This was originally published in the Echo Press
A few weeks ago, I went on a trip to New York City with some of my favorite women in the world.
But here’s the funny thing: This was the first time I had met most of them in person. Up until this point, our friendship had existed on the internet only, as we are all scattered around the globe.
Still, something we have in common — recovery — has brought us all together and is the reason 500 of us traveled to New York. The conference we attended, She Recovers, was the first event of its kind. Women in recovery from anything — alcoholism, drug addiction, eating disorders, etc. — were encouraged to attend.
As I’ve mentioned in past columns, I am sober, and have been for four years. Embracing recovery is what brought me to this group via Facebook. Over the past four years, I have gotten to know these women. We’ve shared our triumphs and failures and joys and sadnesses. So when I heard about this conference and realized many of these women would be in attendance, I knew I had to go.
Upon arriving in NYC, I met up with my friend, Kelly, who shares the same sobriety date as me. We met online when we were both one year sober and became fast friends. I’ve visited Kelly in Florida in the past and attended her wedding this past February, so we already knew we got along in person, hence deciding to room together for the weekend.

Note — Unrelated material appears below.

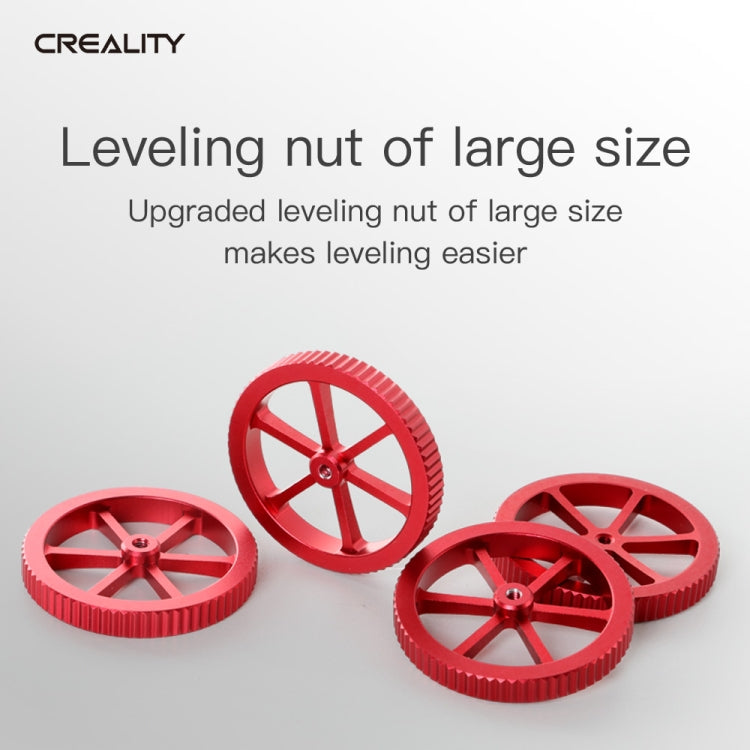 Creality Metal Red Hand Screwed Leveling Nut for Ender-3 / Ender-3 Pro / Ender-3 V2 / CR-10 Pro V2 3D Printer (Red) - Consumer Electronics by Creality | Online Shopping UK | buy2fix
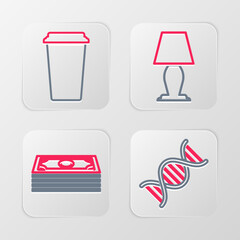 Canvas Print - Set line DNA symbol, Stacks paper money cash, Table lamp and Coffee cup icon. Vector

I think we were both a little on edge about meeting so many “new” people at once. Not to mention that neither of us are crazy about constant socializing. We headed to the hotel where the conference was and split up, as Kelly was appearing on a panel.
So, left on my own, I began wandering around the vendors. I was worried that having only seen people online, I wouldn’t recognize them in person. But soon I saw a familiar face. I walked over and as we wrapped each other in a big hug, my worries melted away.
As Friday night passed, I met one friend after another. So many hugs were exchanged and the conversation came fluidly, easily. Any passerby would never have guessed most of us were meeting for the first time. Based on the level of comfort, it looked like a bunch of best friends coming together for a long-awaited reunion.
The conference featured some incredible speakers, such as author Glennon Doyle Melton and ABC news anchor Elizabeth Vargas (my stalking paid off and I was able to get a photo with her, fangirling only a little). The conversations that were sparked as a result of the speakers were emotional and thought-provoking. No topic was off limits.
I came away from that weekend with a few big takeaways:
• We are never, ever alone. There was something so powerful about being surrounded by 499 other women who had hit rock bottom and clawed their way out. Regardless of what each of us was in recovery from, we found common ground and connection.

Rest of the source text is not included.